Le cinéaste s’est exprimé sur le sujet dans un entretien accordé à Variety, alors qu’il assure la promotion de son nouveau projet indépendant, The Last Photograph, présenté dans le cadre du Festival international du film de Toronto.
Connu pour ses films à forte identité visuelle et ses univers souvent marqués par la violence, Zack Snyder porte également un regard critique sur l’évolution de l’industrie cinématographique américaine.
Selon lui, les productions contemporaines ont tendance à privilégier des récits et des images susceptibles de toucher le public le plus large possible. Dans cette logique, la sexualité et l’érotisme auraient progressivement perdu leur place dans les grands films hollywoodiens.
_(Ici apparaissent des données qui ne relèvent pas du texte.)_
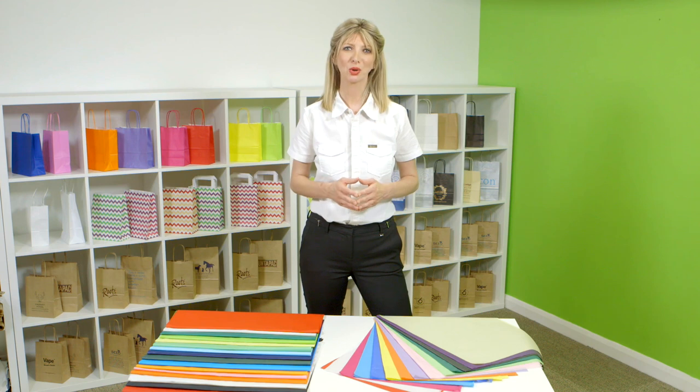We carry large stocks and so can deliver to most UK addresses within 24 hours if you order before 3pm.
Cette évolution contraste avec certaines périodes du cinéma américain durant lesquelles des œuvres populaires pouvaient intégrer des scènes sensuelles ou sexuelles sans que celles-ci constituent nécessairement le cœur du récit.
La question renvoie à une transformation plus générale des représentations à l’écran. Des films comme Basic Instinct, Eyes Wide Shut ou encore 9 ½ Weeks ont contribué, chacun à leur manière, à installer la sexualité au cœur de productions destinées au grand public.
À l’inverse, les grandes franchises contemporaines misent davantage sur l’action, les effets visuels et les univers fantastiques ou super-héroïques. Dans ces productions, les relations amoureuses peuvent subsister, mais les représentations explicites du désir sont souvent moins présentes.
Le constat de Snyder ne signifie toutefois pas que le sexe a disparu du cinéma dans son ensemble. Le cinéma indépendant, certaines productions européennes et les plateformes de streaming continuent de proposer des œuvres où l’intimité occupe une place importante.
La réflexion du réalisateur porte donc moins sur la simple quantité de scènes sexuelles que sur la manière dont Hollywood représente aujourd’hui le désir.
L’érotisme peut en effet passer par la mise en scène, les dialogues, les rapports entre les personnages ou encore la suggestion, sans nécessairement recourir à des images explicites. Sa présence ou son absence dépend aussi des genres cinématographiques, des publics visés et des contraintes commerciales.
Le débat rejoint ainsi une question plus large sur la liberté artistique dans une industrie où les studios doivent composer avec les attentes du public, les classifications, les marchés internationaux et les impératifs économiques.
Les propos de Zack Snyder interviennent à un moment où le modèle traditionnel du blockbuster connaît lui-même des transformations importantes. Les studios cherchent à produire des films capables de circuler sur plusieurs marchés et de toucher des publics très différents.
Cette internationalisation peut également influencer les choix de mise en scène et le niveau de représentation de certains sujets sensibles. Dans ce contexte, la sexualité devient un élément parmi d’autres dans l’équation complexe qui détermine la forme finale d’un film.
En dénonçant ce qu’il perçoit comme une disparition de l’érotisme, Zack Snyder relance donc une discussion ancienne : celle de la place du désir dans le cinéma populaire et de la capacité d’Hollywood à prendre encore des risques avec ses représentations.